4. Canons made by princes or inferior magistrates, are no laws purely and formally ecclesiastical, which are essentially acts of pastoral power; but only materially ecclesiastical, and formally magistratical.

5. No church officers as such, (much less the people,) can make laws with a co-active or coercive sanction; that is, to be enforced by their authority with the sword or any corporal penalty, mulct, or force; this being the sole privilege of secular powers, civil, or economical, or scholastic.

6. There is no obligation ariseth to the subject for particular obedience of any law, which is evidently against the laws of God (in nature or holy Scripture).

7. They are no laws which pastors make to people out of their power: as the popes, &c.

8. There is no power on earth under Christ, that hath authority to make universal laws; to bind the whole church on all the earth; or all mankind. Because there is no universal sovereign, civil or spiritual, personal or collective.

9. Therefore it is no schism, but loyalty to Christ, to renounce or separate from such a society of usurpation; nor any disobedience or rebellion, to deny them obedience.

10. Pastors may and must be obeyed in things lawful as magistrates, if the king make them magistrates: though I think it unmeet for them to accept a magistracy with the sword, except in case of some rare necessity.

11. If pope, patriarchs, or pastors shall usurp any of the king's authority, loyalty to Christ and him, and the love of the church and state, oblige us to take part with Christ and the king against such usurpation, but only by lawful means, in the compass of our proper place and calling.

12. The canons made by the councils of many churches, have a double nature: as they are made for the people and the subjects of the pastors, they are a sort of laws; that is, they oblige by the derived authority of the pastors; because the pastors of several churches do not lose any of their power by their assembling, but exercise it with the greater advantage of concord. But as they are made only to oblige the present or absent pastors who separatedly are of equal office power, so they are no laws, except in an equivocal sense, but only agreements or contracts.268 So Bishop Usher professed his judgment to be; and before him the council of Carthage in Cyprian's time; but it needs no proof, any more than that a convention of kings may make no laws to bind the kings of England, but contracts only.

13. But yet we are aliunde obliged even by God, to keep these agreements in things lawful, for the church's peace and concord, when greater contrary reasons, a fine, do not disoblige us. For when God saith, You shall keep peace and concord, and keep lawful covenants, the canons afford us the minor, But these are lawful contracts or agreements, and means of the church's peace and concord; therefore (saith God's law) you shall observe them. So though the contracts (as of husband and wife, buyer and seller, &c.) be not laws, yet that is a law of God which bindeth us to keep them.
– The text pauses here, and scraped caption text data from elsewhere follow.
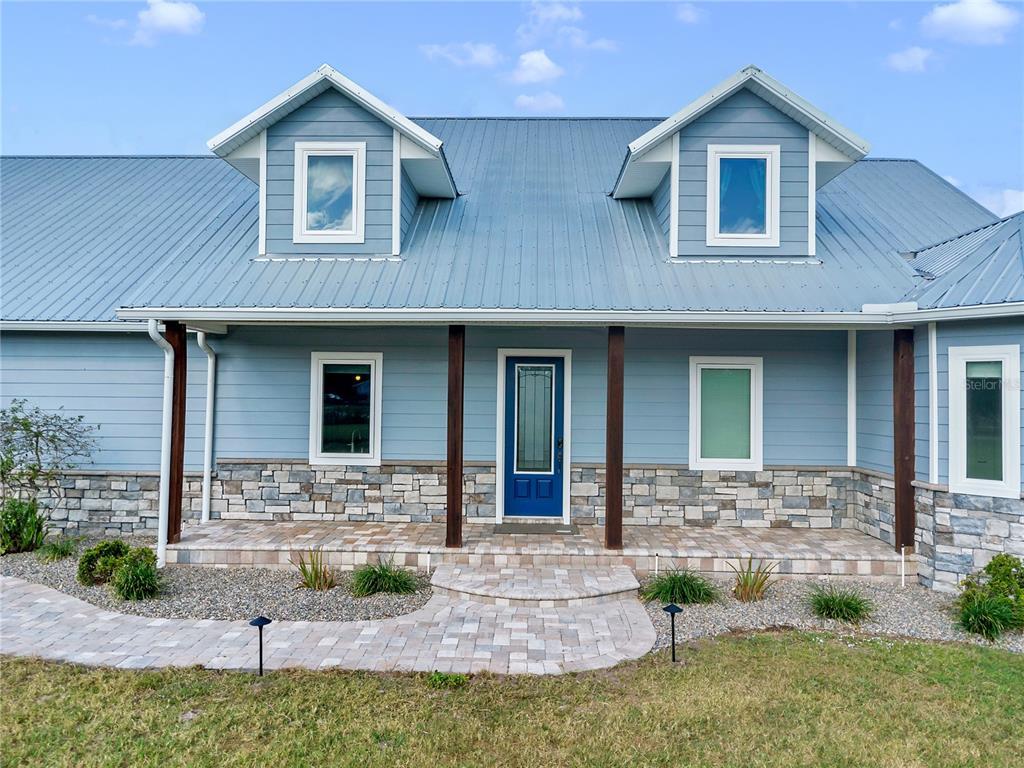 Picture of 3550 Kaiser Avenue, St Cloud, FL 34772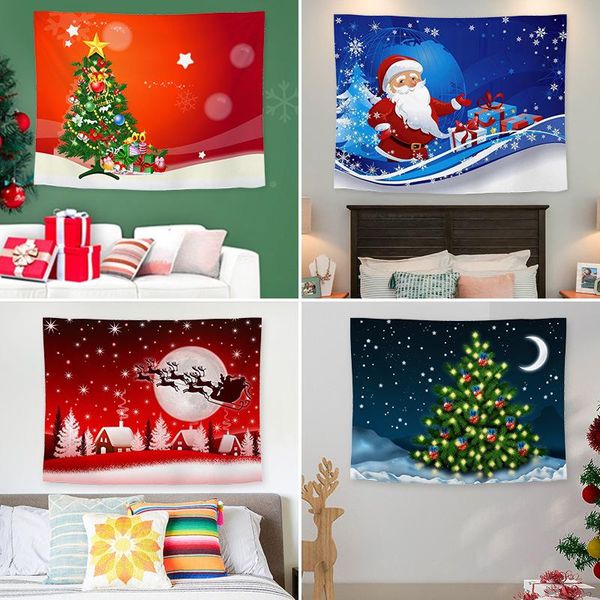 tapestries ins christmas group po tapestry,hanging polyester background blanket,home decor,beach shawl.39/59/79 in
tapestries ins christmas group po tapestry,hanging polyester background blanket,home decor,beach shawl.39/59/79 in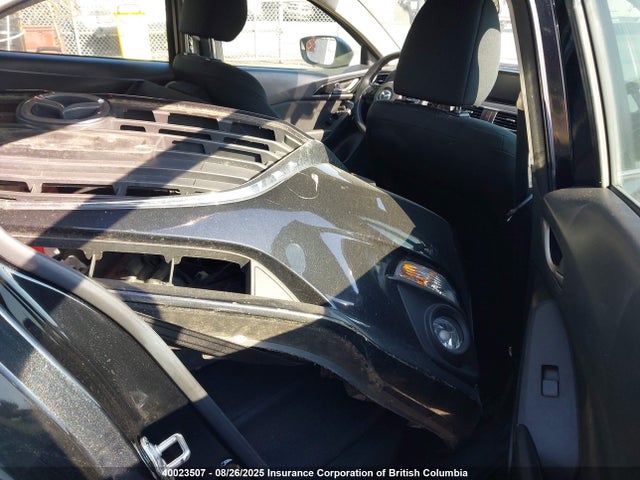 3MZBM1L74FM173678 Mazda pe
14. Seeing that even the obliging commands of pastors may not by them be enforced by the sword, but work by the power of divine authority or commission manifested, and by holy reason and love, therefore it is most modest and fit for pastors (who must not lord it over God's heritage, but be examples to all269) to take the lower name of authoritative directions and persuasions, rather than of laws; especially in a time when papal usurpation maketh such ruinating use of that name, and civil magistrates use to take it in the nobler and narrower sense.

The questions, 1. If one pastor make orders for his church, and the multitudes or synods be against them; which must be obeyed, you may gather from what is said before of ordination. And, 2. What are the particulars proper, materially, to the magistrate's decision, and what to the pastor's? I here pass by.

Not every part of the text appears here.